• Study material
┌────────
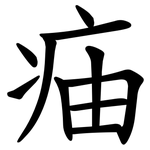 㾄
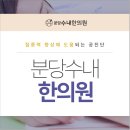 분당도담한의원 이미지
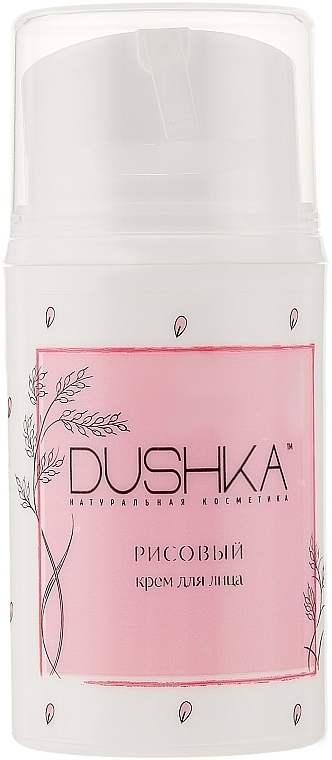 Face Cream "Rice" - Dushka — photo N2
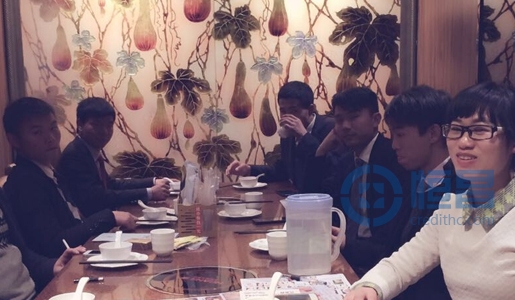 吉安分公司年夜歡聚樂開懷活動(dòng)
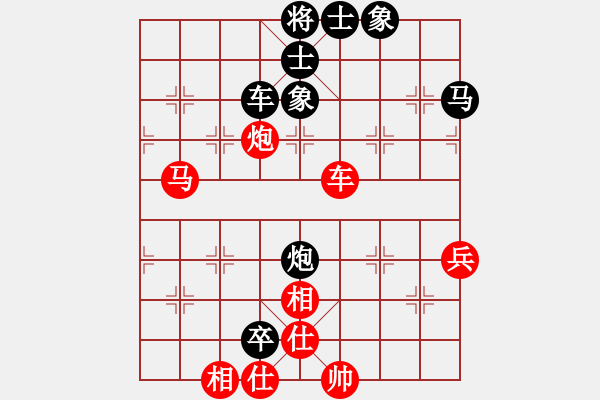 象棋棋譜圖片：烈火寒冰(日帥)-和-棄公妙手(月將) - 步數(shù)：100 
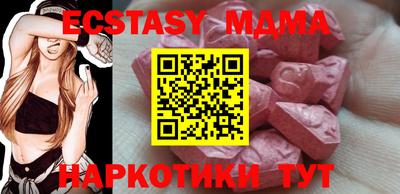 шишки Донской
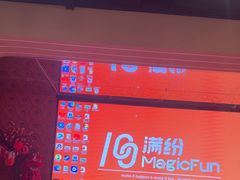 -满纷轰趴·城市团建聚会(前海店)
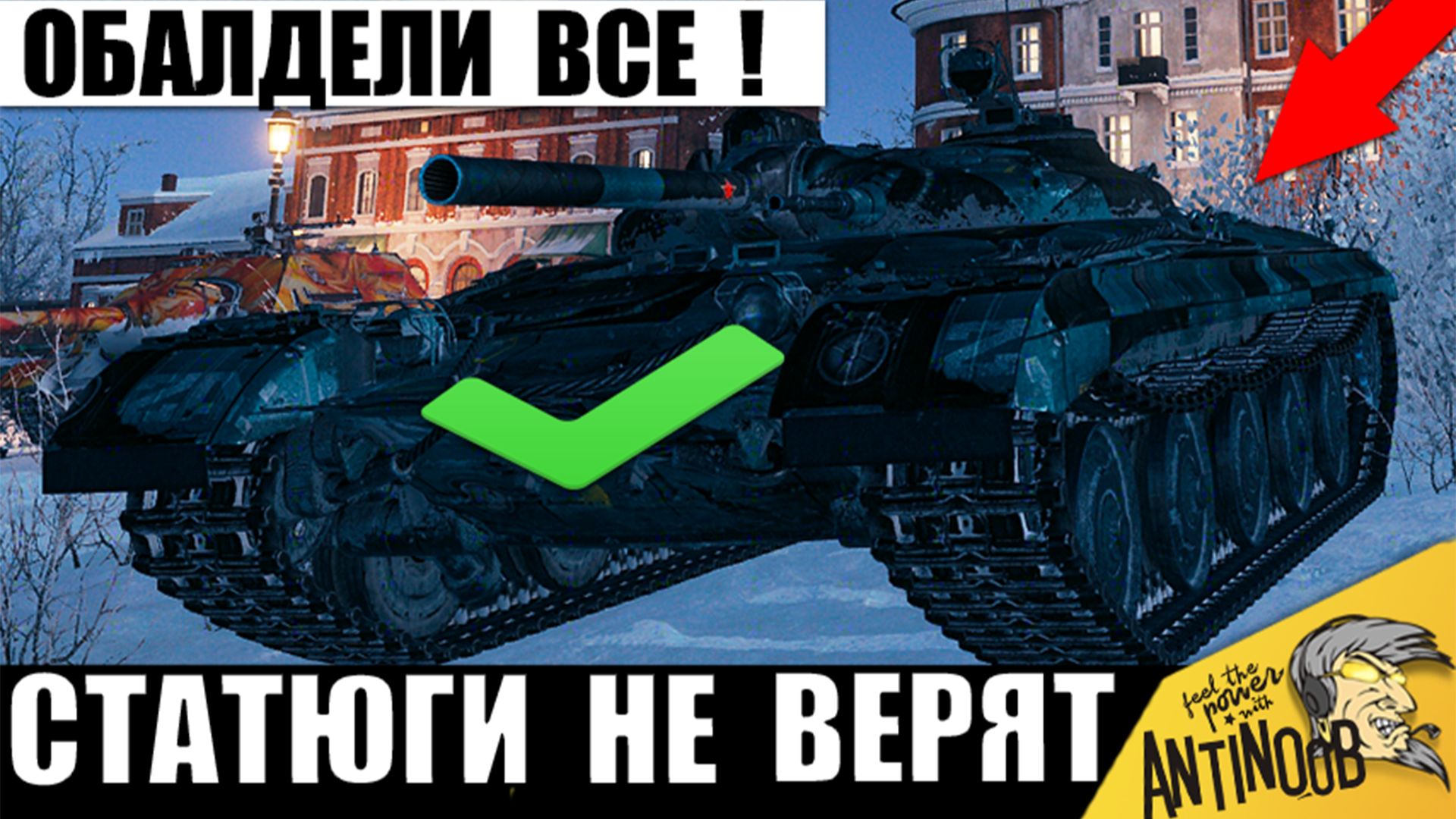 Статисты Вспотели Увидев такой финал в 2026! Найден самый Эпичный Бой года в Мире Танков? смотреть онлайн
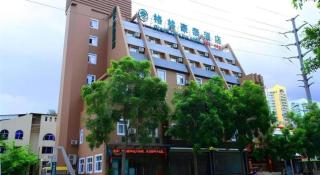 GreenTree Inn Haikou Guomao Business Hotel - 8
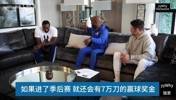 小卢卡斯三世回忆：在CBA每赢一场都有奖金，在那边我就是乔科！
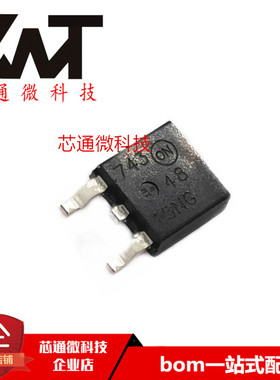 全新原装进口 NTD4815NT4G 4815NG TO-252封装 N沟道MOS场效应管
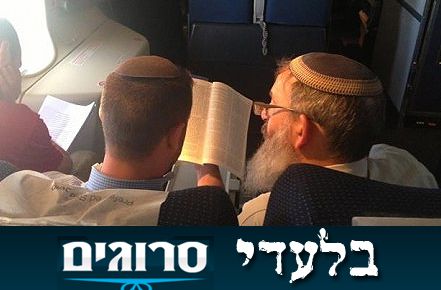 ובינתיים: הרב סתיו לומד דף יומי במטוס לארה"ב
└────────
• Task statement
Your task is to write out, exactly and without pictures, only the lines from the one holding "全新原装进口 NTD4815NT4G 4815NG" to the last line of the data.

• Finished exercise
 全新原装进口 NTD4815NT4G 4815NG TO-252封装 N沟道MOS场效应管
 ובינתיים: הרב סתיו לומד דף יומי במטוס לארה"ב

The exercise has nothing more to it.